* Work required: All entries are to be transcribed verbatim, but images are not carried over.

* Records for processing:
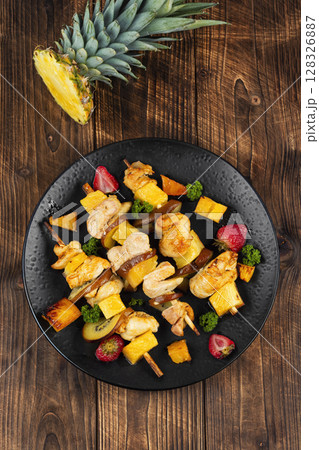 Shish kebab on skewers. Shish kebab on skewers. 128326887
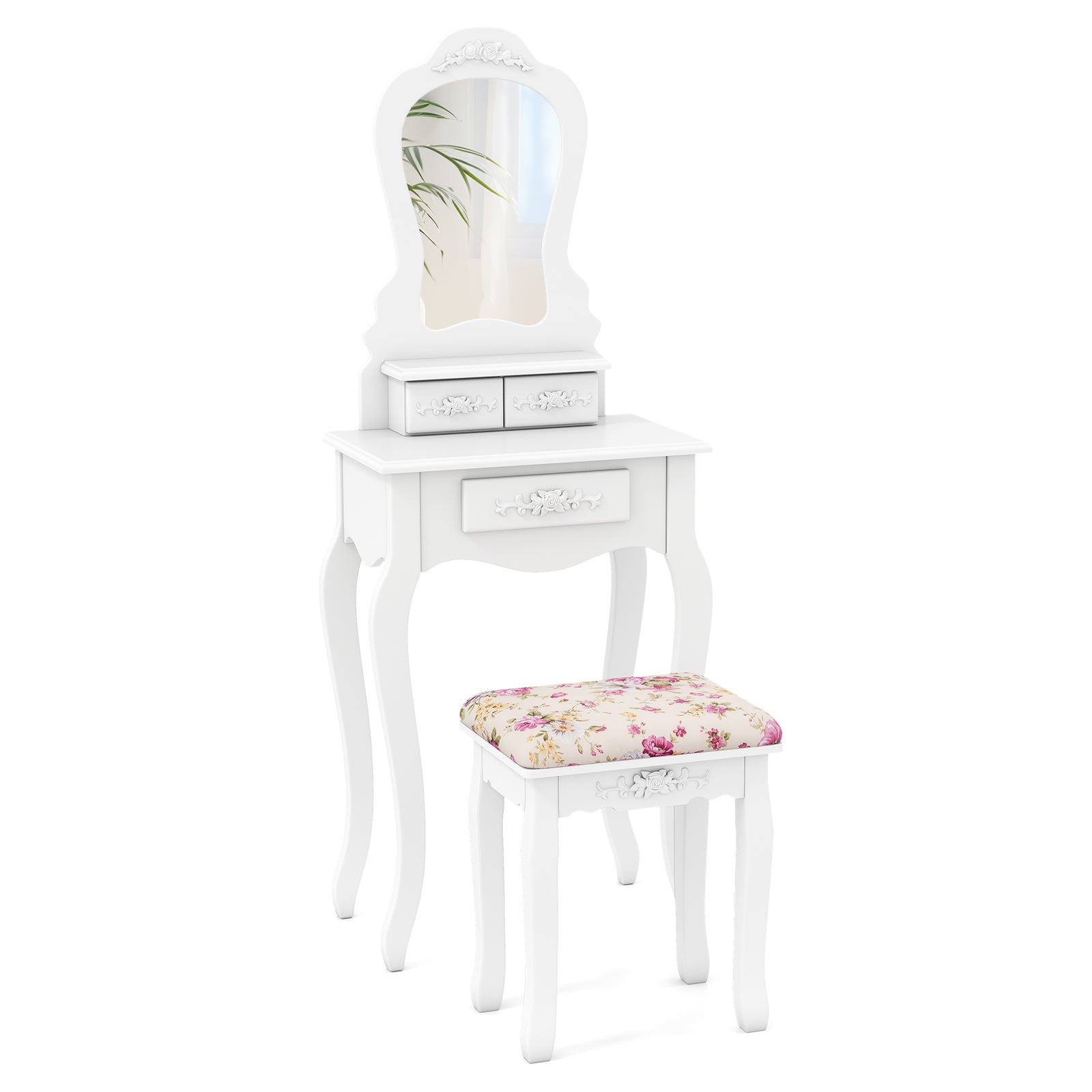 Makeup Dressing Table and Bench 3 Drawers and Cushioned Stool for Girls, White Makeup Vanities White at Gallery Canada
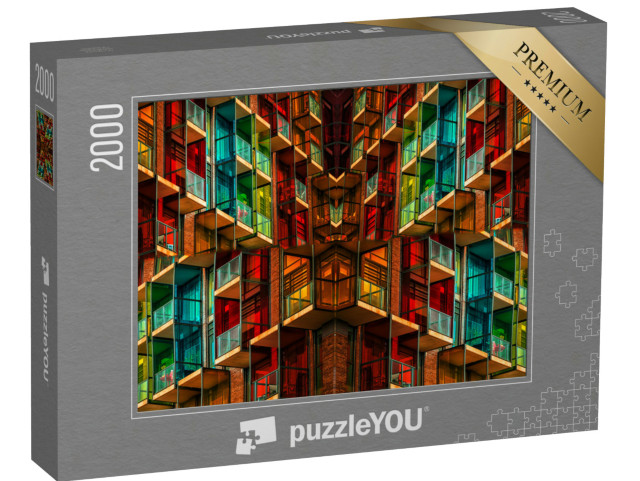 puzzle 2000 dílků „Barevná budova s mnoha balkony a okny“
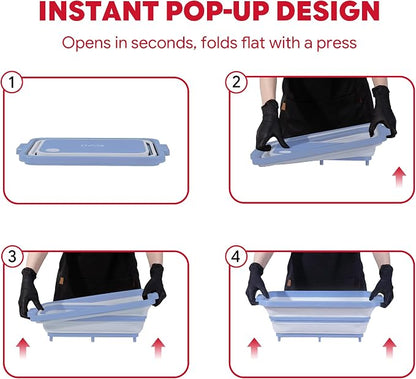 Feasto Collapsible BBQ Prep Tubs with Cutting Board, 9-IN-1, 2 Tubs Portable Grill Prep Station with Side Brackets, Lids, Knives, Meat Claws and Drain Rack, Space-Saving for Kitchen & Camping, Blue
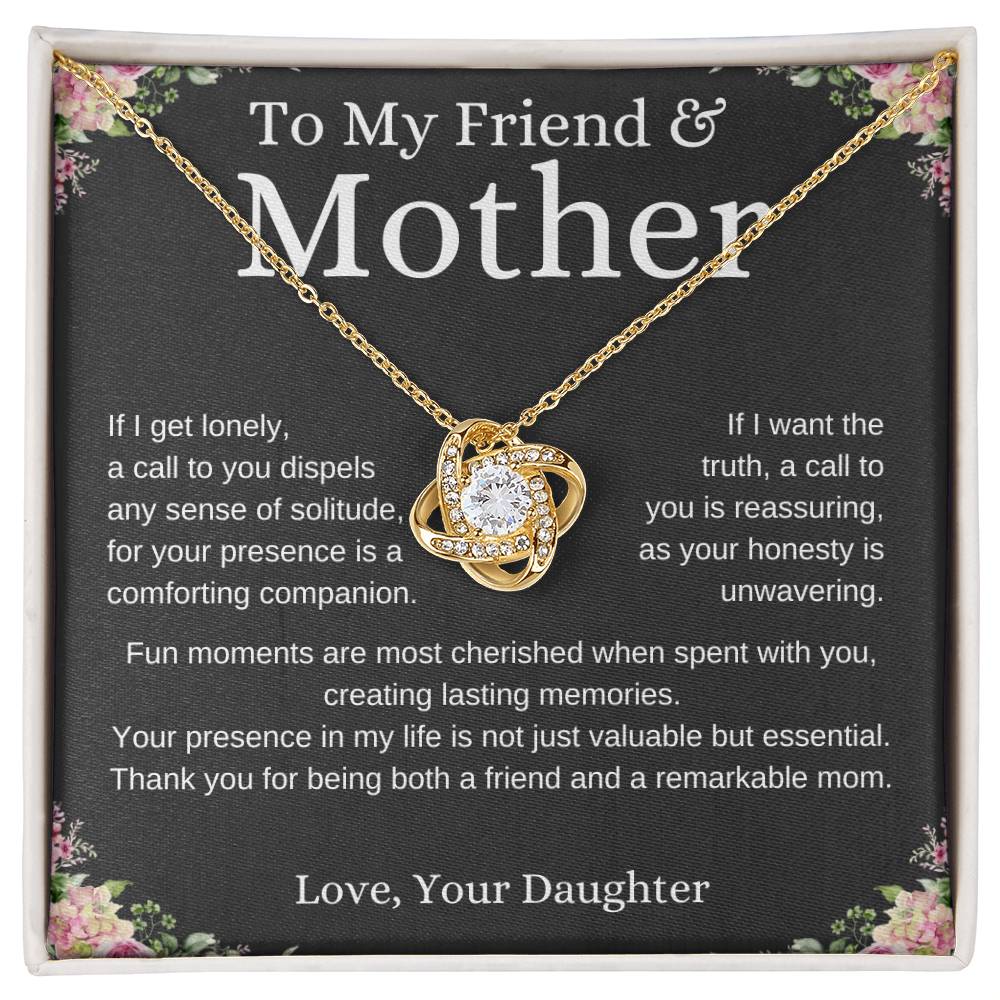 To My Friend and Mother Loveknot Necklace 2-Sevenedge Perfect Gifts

* Answer for the task:
 Shish kebab on skewers. Shish kebab on skewers. 128326887
 Makeup Dressing Table and Bench 3 Drawers and Cushioned Stool for Girls, White Makeup Vanities White at Gallery Canada
 puzzle 2000 dílků „Barevná budova s mnoha balkony a okny“
 Feasto Collapsible BBQ Prep Tubs with Cutting Board, 9-IN-1, 2 Tubs Portable Grill Prep Station with Side Brackets, Lids, Knives, Meat Claws and Drain Rack, Space-Saving for Kitchen & Camping, Blue
 To My Friend and Mother Loveknot Necklace 2-Sevenedge Perfect Gifts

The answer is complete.